Short descriptive text snippets
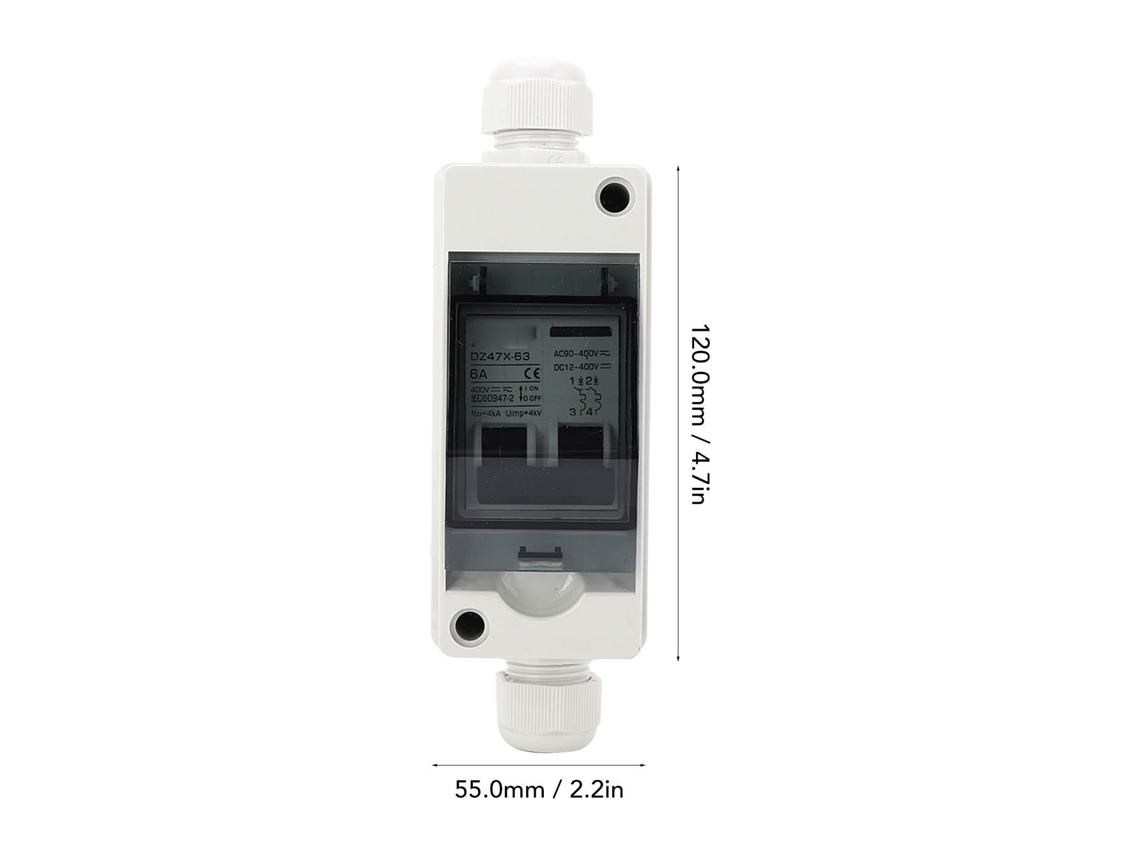 Laxiscreed Disjuntor Miniatura Dc 2p Ip65 À Prova De Água Para Sistemas Fotovoltaicos Solares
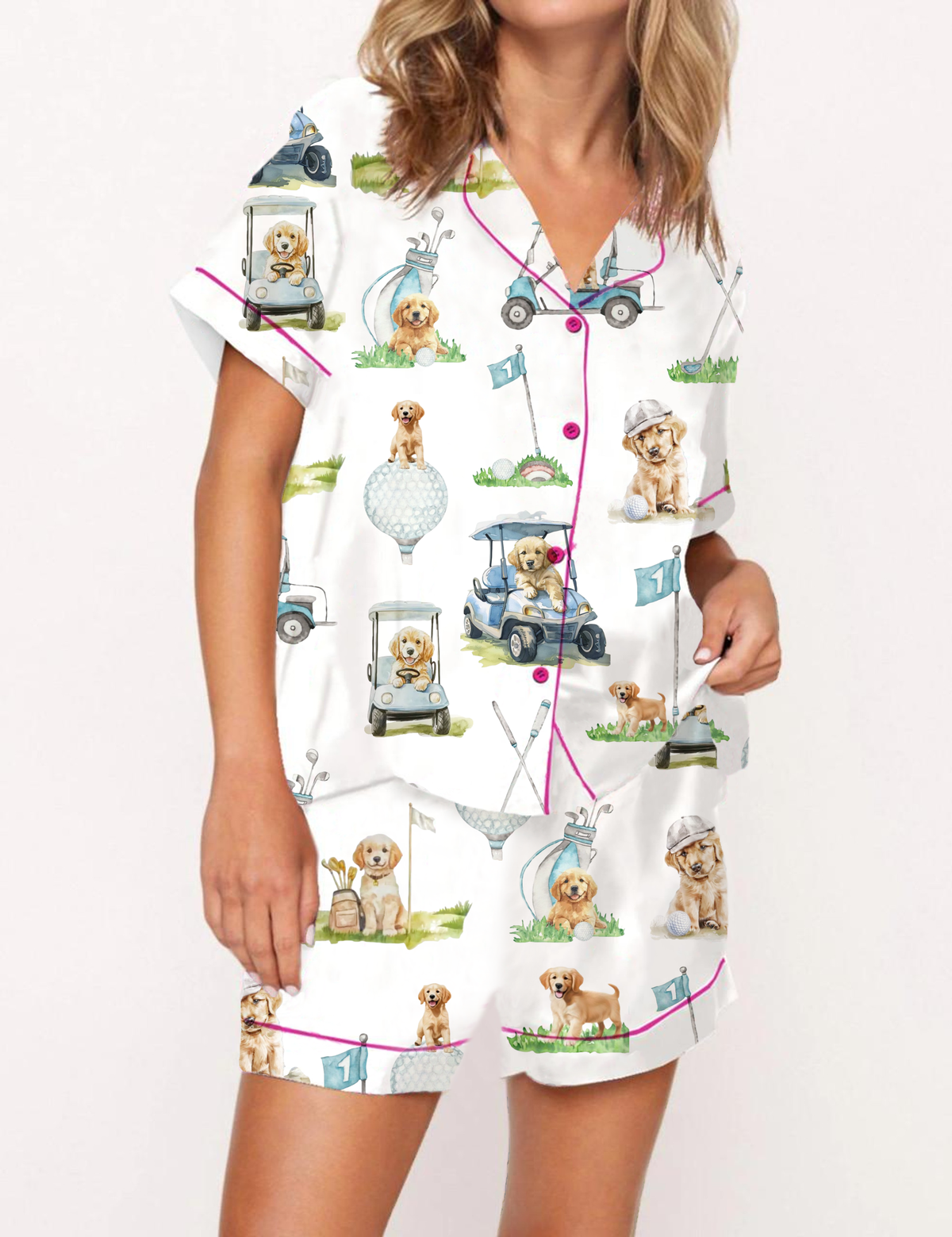 Gold Retriever Golf Silky Satin Pajama Set For Women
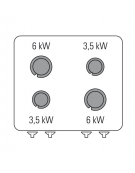 Piano di cottura a gas 4 fuochi, forno elettrico GN 2/1, fuochi aperti 2x6+2x3,5n°xkW - cam. forno cm 57,5x65x30 - cm 70x70x85h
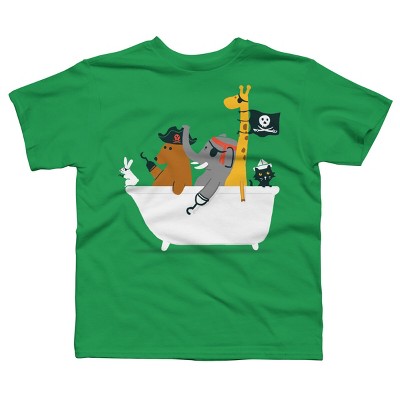 Boy's Design By Humans The pirate ship By radiomode T-Shirt
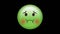 Animation of red spots over green worried emoji icon on black background
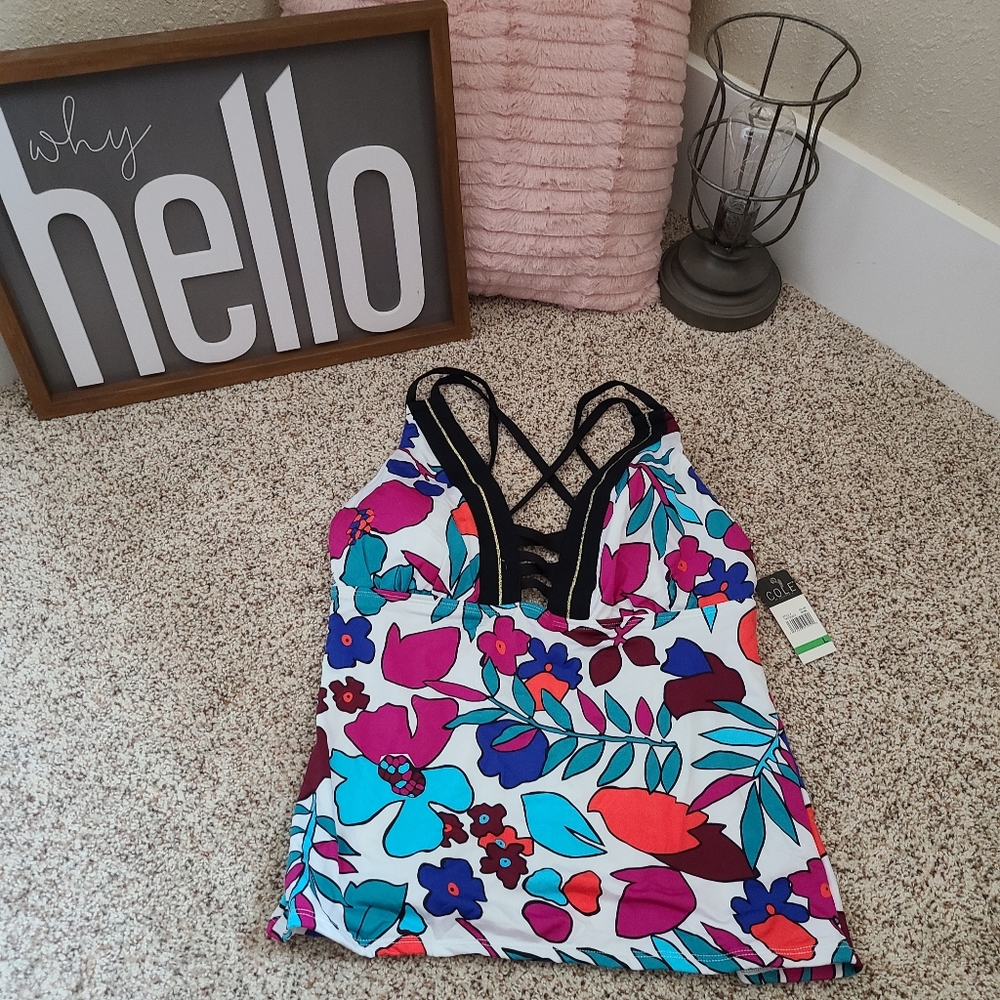 Cole of California Women's Tankini Top White & Pink Floral Tassel Tie Size Large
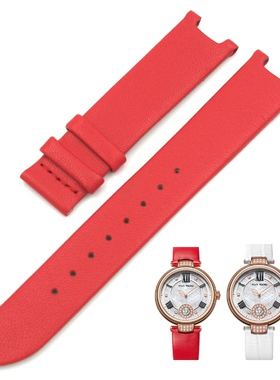 天王表带 红色白色凹口女真皮LS5871P/5871P LS3906P原装牛皮表链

> [HOW TO COMPLETE THIS TASK]: Could you write out, word for word, the lines from the one containing "Animation of red" through the last line of the records, leaving out the pictures?

> [RESPONSE]:
 Animation of red spots over green worried emoji icon on black background
 Cole of California Women's Tankini Top White & Pink Floral Tassel Tie Size Large
 天王表带 红色白色凹口女真皮LS5871P/5871P LS3906P原装牛皮表链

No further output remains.